EXERCISE AIM:
Below is a listing with pictures. Repeat exactly the lines starting at the one holding "Picture - A" and going on through the one holding "A sapphire and", and leave every picture out.

MATERIAL SUPPLIED:
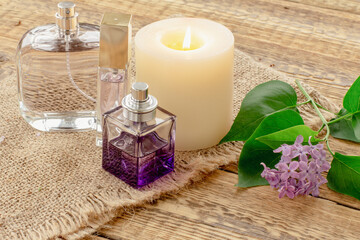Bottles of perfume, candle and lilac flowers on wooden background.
* * *
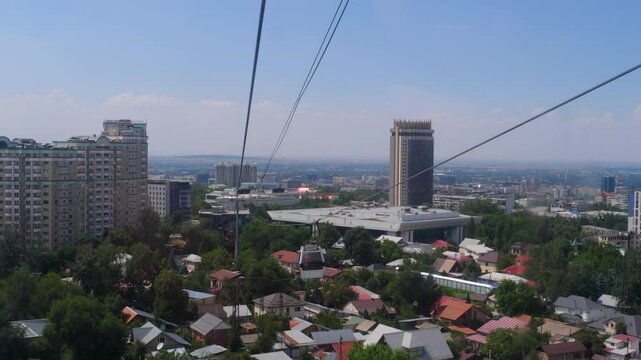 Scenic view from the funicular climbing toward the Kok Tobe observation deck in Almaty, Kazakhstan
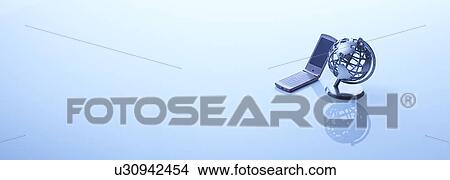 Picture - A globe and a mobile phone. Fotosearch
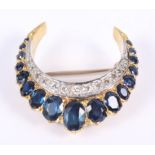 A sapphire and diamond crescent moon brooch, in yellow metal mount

ANSWER TO THIS TASK:
 Picture - A globe and a mobile phone. Fotosearch
 A sapphire and diamond crescent moon brooch, in yellow metal mount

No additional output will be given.